[Source material]
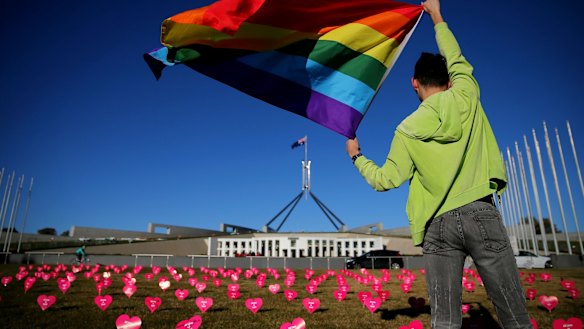 Marriage equality advocate Russell Nankervis with the rainbow flag during a 'Sea of Hearts' event in support of marriage equality at Parliament House earlier this month.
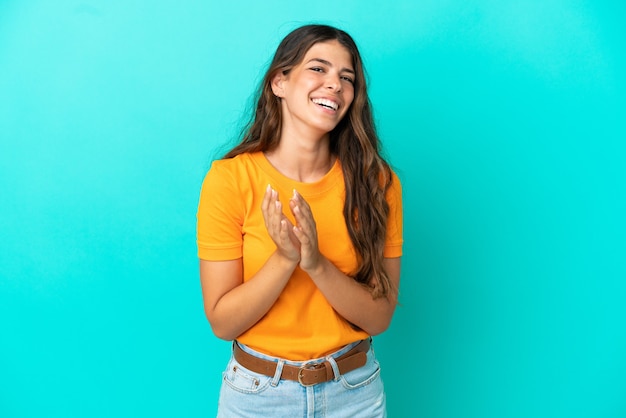 Young caucasian woman isolated on blue background applauding after presentation in a conference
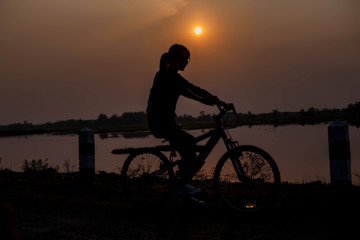 Obraz premium Woman biking hands at sunset. 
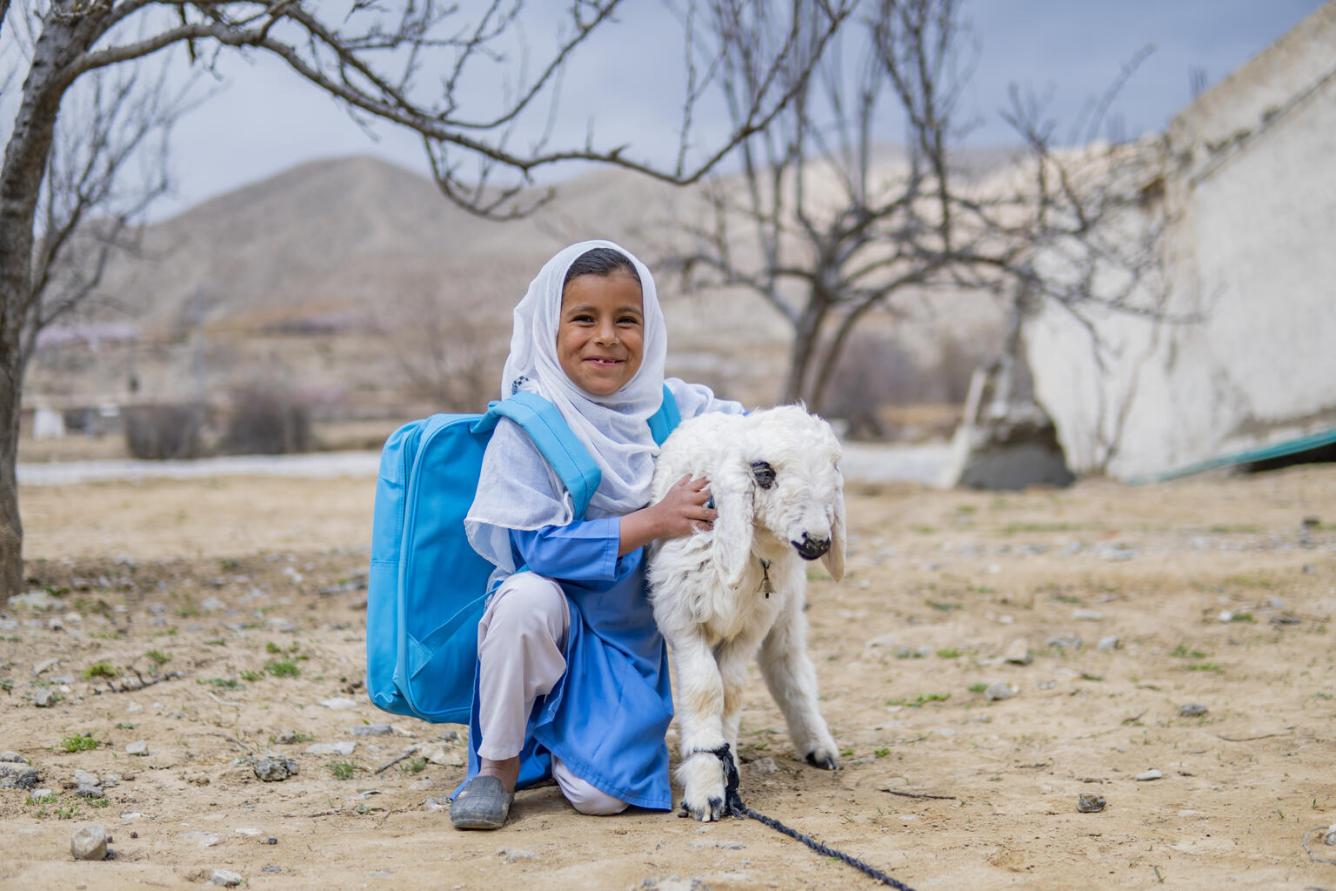 A girl in a blue uniform and UNICEF bag pack crouches next to a lamb in an outdoor setting, looking at the camera and smiling. In Balochinstan, Pakistan.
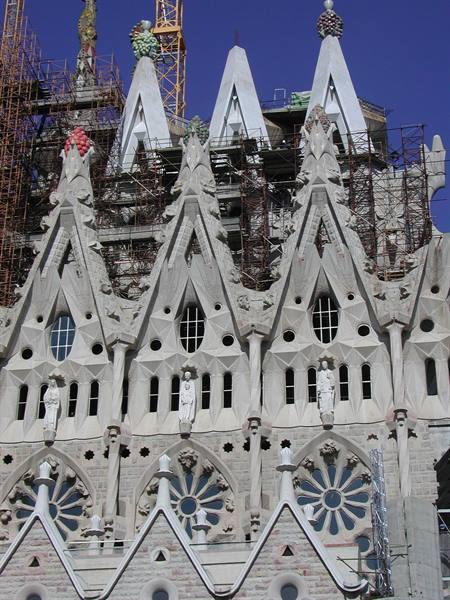 Sagrada Familia in Barcelona, stone spires with scaffolding under blue sky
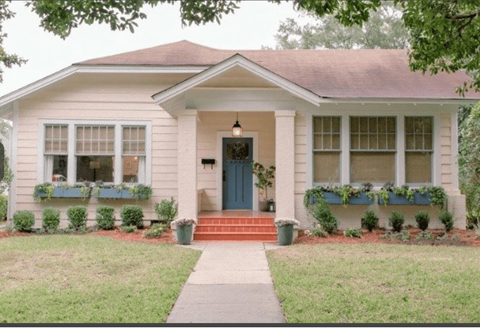 A small house with a blue door and windows.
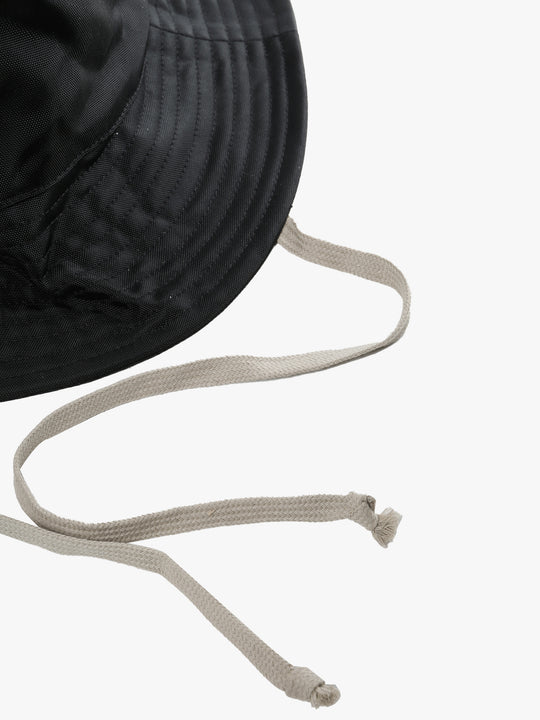 Close up of black hats, showing texture of the fabric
[/Source material]
Would you please output each record exactly, leaving the images out?

■ **Written solution**:
 Marriage equality advocate Russell Nankervis with the rainbow flag during a 'Sea of Hearts' event in support of marriage equality at Parliament House earlier this month.
 Young caucasian woman isolated on blue background applauding after presentation in a conference
 Obraz premium Woman biking hands at sunset. 
 A girl in a blue uniform and UNICEF bag pack crouches next to a lamb in an outdoor setting, looking at the camera and smiling. In Balochinstan, Pakistan.
 Sagrada Familia in Barcelona, stone spires with scaffolding under blue sky
 A small house with a blue door and windows.
 Close up of black hats, showing texture of the fabric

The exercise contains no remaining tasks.